> Problem description:
Copy every record exactly, and keep the pictures out.

(Saved entries)
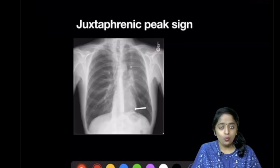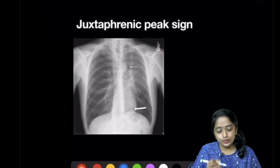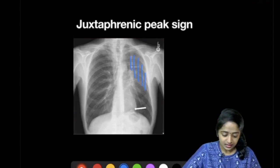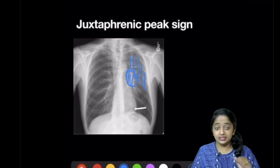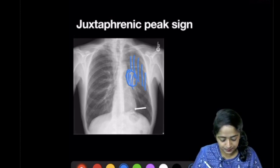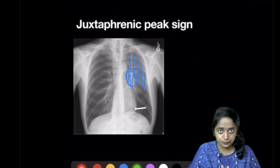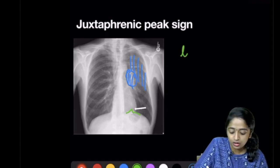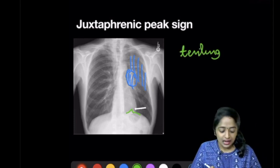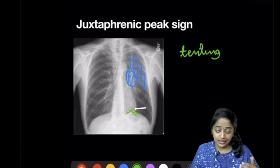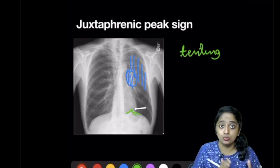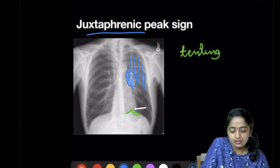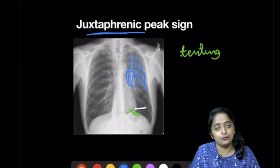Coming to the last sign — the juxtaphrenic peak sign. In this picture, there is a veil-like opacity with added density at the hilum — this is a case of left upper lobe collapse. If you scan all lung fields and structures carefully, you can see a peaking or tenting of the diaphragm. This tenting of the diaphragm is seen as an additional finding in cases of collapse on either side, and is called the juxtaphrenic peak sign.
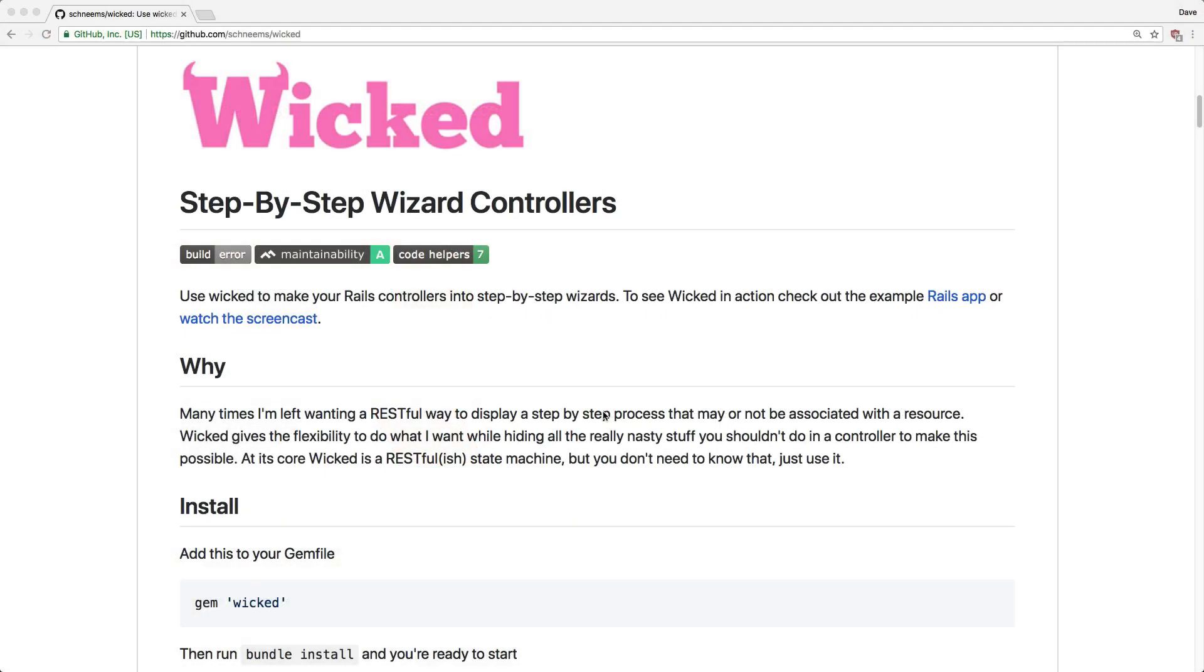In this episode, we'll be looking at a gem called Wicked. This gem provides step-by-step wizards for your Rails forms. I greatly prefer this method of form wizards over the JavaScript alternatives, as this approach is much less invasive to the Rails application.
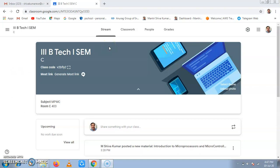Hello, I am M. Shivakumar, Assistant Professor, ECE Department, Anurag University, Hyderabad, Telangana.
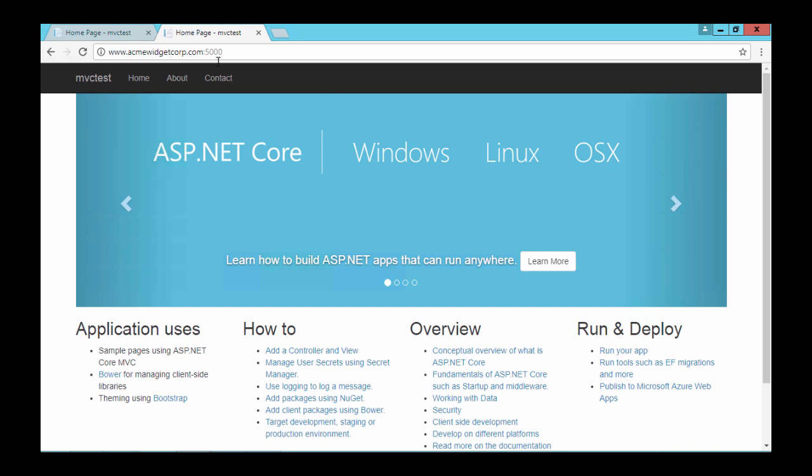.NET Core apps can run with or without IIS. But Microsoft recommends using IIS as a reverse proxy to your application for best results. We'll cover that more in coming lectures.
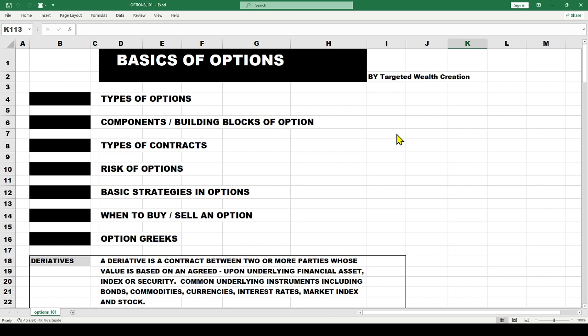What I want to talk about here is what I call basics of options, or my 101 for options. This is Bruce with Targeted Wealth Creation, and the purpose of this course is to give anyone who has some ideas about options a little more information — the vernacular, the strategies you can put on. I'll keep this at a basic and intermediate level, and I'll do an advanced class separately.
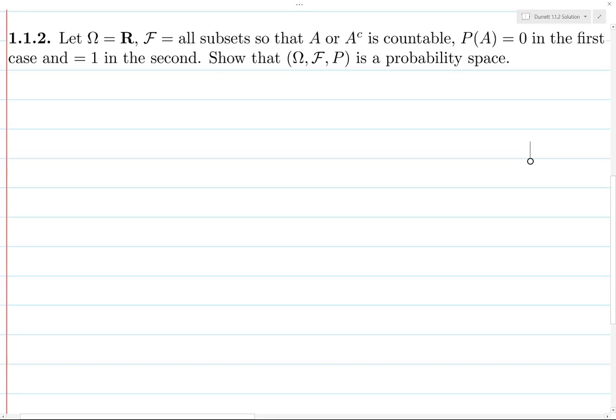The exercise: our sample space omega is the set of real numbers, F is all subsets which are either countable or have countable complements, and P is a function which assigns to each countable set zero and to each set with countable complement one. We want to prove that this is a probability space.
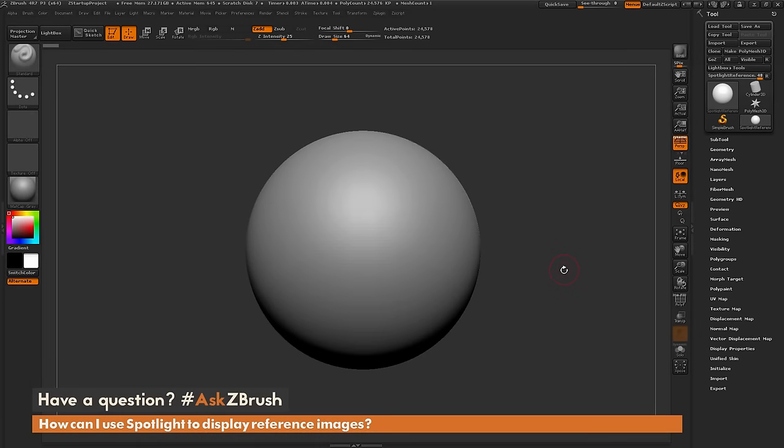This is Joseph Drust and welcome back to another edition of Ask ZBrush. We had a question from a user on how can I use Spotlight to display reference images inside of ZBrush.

> Exercise solution:
Coming to the last sign — the juxtaphrenic peak sign. In this picture, there is a veil-like opacity with added density at the hilum — this is a case of left upper lobe collapse. If you scan all lung fields and structures carefully, you can see a peaking or tenting of the diaphragm. This tenting of the diaphragm is seen as an additional finding in cases of collapse on either side, and is called the juxtaphrenic peak sign.
In this episode, we'll be looking at a gem called Wicked. This gem provides step-by-step wizards for your Rails forms. I greatly prefer this method of form wizards over the JavaScript alternatives, as this approach is much less invasive to the Rails application.
Hello, I am M. Shivakumar, Assistant Professor, ECE Department, Anurag University, Hyderabad, Telangana.
.NET Core apps can run with or without IIS. But Microsoft recommends using IIS as a reverse proxy to your application for best results. We'll cover that more in coming lectures.
What I want to talk about here is what I call basics of options, or my 101 for options. This is Bruce with Targeted Wealth Creation, and the purpose of this course is to give anyone who has some ideas about options a little more information — the vernacular, the strategies you can put on. I'll keep this at a basic and intermediate level, and I'll do an advanced class separately.
The exercise: our sample space omega is the set of real numbers, F is all subsets which are either countable or have countable complements, and P is a function which assigns to each countable set zero and to each set with countable complement one. We want to prove that this is a probability space.
This is Joseph Drust and welcome back to another edition of Ask ZBrush. We had a question from a user on how can I use Spotlight to display reference images inside of ZBrush.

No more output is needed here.